Esta tendência para flutuações de peso reflete-se nos seus resultados, sendo raro vê-lo no seu melhor nível nas montanhas fora das grandes Voltas. Considerado um especialista natural em clássicas, Evenepoel precisa de uma preparação específica para atingir o seu potencial máximo como trepador. “Forte, mas com peso flutuante. Reconheço isso também no Dario [primo e mecânico de Evenepoel]. Se eu não fizesse exercício e apenas comesse e aproveitasse um pouco a vida, ganharia peso rapidamente”, acrescentou.
Apesar disso, o belga tem sabido usar o peso a seu favor, tornando-se um dos melhores contrarrelogistas da atualidade, com títulos mundiais e olímpicos, além de vitórias em monumentos e outras corridas importantes, graças à potência que mantém ao longo do ano.
No entanto, o grande objetivo de Evenepoel são as grandes Voltas, como demonstrou ao vencer a Vuelta em 2022. Com o tempo, aprendeu que o corpo se comporta de maneira diferente na primavera e no verão. “Noto isso também na minha explosividade e nos valores de três minutos. Em abril, são melhores do que no verão, porque aí, tal como com o peso, também perco alguma massa muscular e potência absoluta”, explicou, garantindo que atualmente tem a situação “sob controlo”.

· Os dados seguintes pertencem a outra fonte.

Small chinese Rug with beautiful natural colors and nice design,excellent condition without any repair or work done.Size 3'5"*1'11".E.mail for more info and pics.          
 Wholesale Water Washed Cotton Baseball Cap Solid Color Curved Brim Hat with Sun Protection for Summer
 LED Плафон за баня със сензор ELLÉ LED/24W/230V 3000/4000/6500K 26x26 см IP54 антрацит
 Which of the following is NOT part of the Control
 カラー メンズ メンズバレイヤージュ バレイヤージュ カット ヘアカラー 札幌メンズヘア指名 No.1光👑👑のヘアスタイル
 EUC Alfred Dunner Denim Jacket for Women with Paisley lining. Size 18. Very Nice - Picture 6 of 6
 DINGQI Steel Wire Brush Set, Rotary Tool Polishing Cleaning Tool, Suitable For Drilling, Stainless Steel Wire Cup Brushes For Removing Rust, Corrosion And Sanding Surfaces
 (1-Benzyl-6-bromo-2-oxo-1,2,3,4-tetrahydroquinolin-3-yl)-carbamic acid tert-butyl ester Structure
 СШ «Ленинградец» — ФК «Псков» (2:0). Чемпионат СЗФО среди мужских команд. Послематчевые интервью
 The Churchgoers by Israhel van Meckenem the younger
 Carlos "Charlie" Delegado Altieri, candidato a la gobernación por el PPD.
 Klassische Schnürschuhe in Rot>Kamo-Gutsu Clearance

O ciclista sabe a fórmula para atingir o seu peso ideal para as grandes competições: estágios em altitude e longos períodos de treino. “Sei perfeitamente o que preciso de fazer para perder peso e atingir o meu peso mais baixo: um mês de estágio em altitude ou um longo período de treino. Na Volta a Catalunha, o meu peso era um mundo de diferença em comparação com o UAE Tour”, detalhou.
Evenepoel, que subiu ao pódio no Tour de 2024 ao lado de Tadej Pogacar e Jonas Vingegaard, destacou ainda que a abordagem à perda de peso durante as corridas mudou. “Numa corrida, em termos de balanço energético, é preciso manter o mesmo nível do que se consumiu. O aporte de hidratos de carbono também torna praticamente impossível perder peso durante uma prova. Os dias de Chris Froome, que perdia peso nos primeiros dez dias do Tour, acabaram.”
Para as clássicas, como a Liège-Bastogne-Liège, a estratégia é diferente, focando-se na acumulação de energia. “Para uma corrida como a Liège, podemos comer massa à vontade: 300 gramas ao almoço, mais 400 à noite. Durante uma corrida, queimam-se 6000 a 7000 calorias. Por isso, é preciso comer muito de manhã, porque durante a prova é impossível repor tudo isso”, revelou.
Em tom de brincadeira, o ciclista belga partilhou alguns dos seus “vícios” alimentares: “E qual é a melhor maneira de o fazer? Comendo uma fatia de pão com Nutella […] M&M’s, gelado. Sabem o que é mesmo bom? Magnums de Lotus Biscoff. Especialmente os de chocolate branco, mas já foi há muito tempo. Desde que voltei a casa do UAE Tour.”